46. The system of claim 43, wherein the enforcement policy applied by the second content server includes an action that includes: denying requests messages from the client or for the URI.
47. The system of claim 43, wherein recording information comprises incrementing a count for a client identifier associated with the client.
48. The system of claim 47, wherein the client is identified by any of a client IP address, session id, user id, token, and cookie.
49. The system of claim 43, wherein the plurality of content servers are proxy servers.
50. The system of claim 43, wherein the plurality of content servers are proxy cache servers operated by a content delivery network service provider to deliver content on behalf of a plurality of content provider customers, and the one or more match conditions defining the category of traffic are configurable on a content provider by content provider basis.
51. The system of claim 43, wherein the protocol is HTTP.
52. The system of claim 43, wherein the first and second content servers are located in different geographic locations.

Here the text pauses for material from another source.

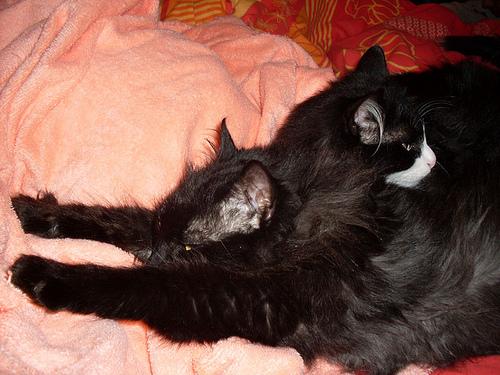 Vie de Chats, vie de Pacha + petites news de Babushka newsdeschats003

53. A method of operating a distributed computer system that includes a plurality of content servers and one or more control servers, the plurality of content servers and the one or more control servers being communicatively coupled to a global computer network, the method comprising:
with each of the plurality of content servers:
a. participating in an exchange of messages between at least one of (i) a client and the content server and (ii) the content server and another server, wherein the exchange of messages is in accordance with a protocol and includes at least one request message and at least one response message;
b. applying one or more match conditions against the content of multiple messages in the exchange of messages, the one or more match conditions defining a category of traffic that is of interest;
c. recording information about the message exchange at the content server, if the one or more match conditions are satisfied;
d. sending to the one or more control servers any of (i) the recorded information and (ii) a determination about applying an enforcement policy made by the content server based on the recorded information;
and with the one or more control servers:
e. receiving, from a first content server in the plurality of content servers, any of (i) that first content server's recorded information and (ii) that first content server's determination about applying the enforcement policy;
f. sending an instruction to a second content server in the plurality of content servers, the instruction configuring the second content server to apply an enforcement policy against a client or a URI related to the received recorded information and/or the determination from the first content server.
54. The method of claim 53, wherein, in step (f), the enforcement policy applied at the second content server operates to reduce a rate of request messages from the client or for the URI.
55. The method of claim 53, wherein the second content server was not applying an enforcement policy against the client or the URI before receiving the instruction from the one or more control servers.
56. The method of claim 53, wherein the enforcement policy applied by the second content server includes an action that includes: denying requests messages from the client or for the URI.
57. The method of claim 53, wherein recording information comprises incrementing a count for a client identifier associated with the client.
58. The method of claim 57, wherein the client is identified by any of a client IP address, session id, user id, token, and cookie.
59. The method of claim 53, wherein the plurality of content servers are proxy servers.
60. The method of claim 53, wherein the plurality of content servers are proxy cache servers operated by a content delivery network service provider to deliver content on behalf of a plurality of content provider customers, and the one or more match conditions defining the category of traffic are configurable on a content provider by content provider basis.
61. The method of claim 53, wherein the protocol is HTTP.
62. The method of claim 53, wherein the first and second content servers are located in different geographic locations.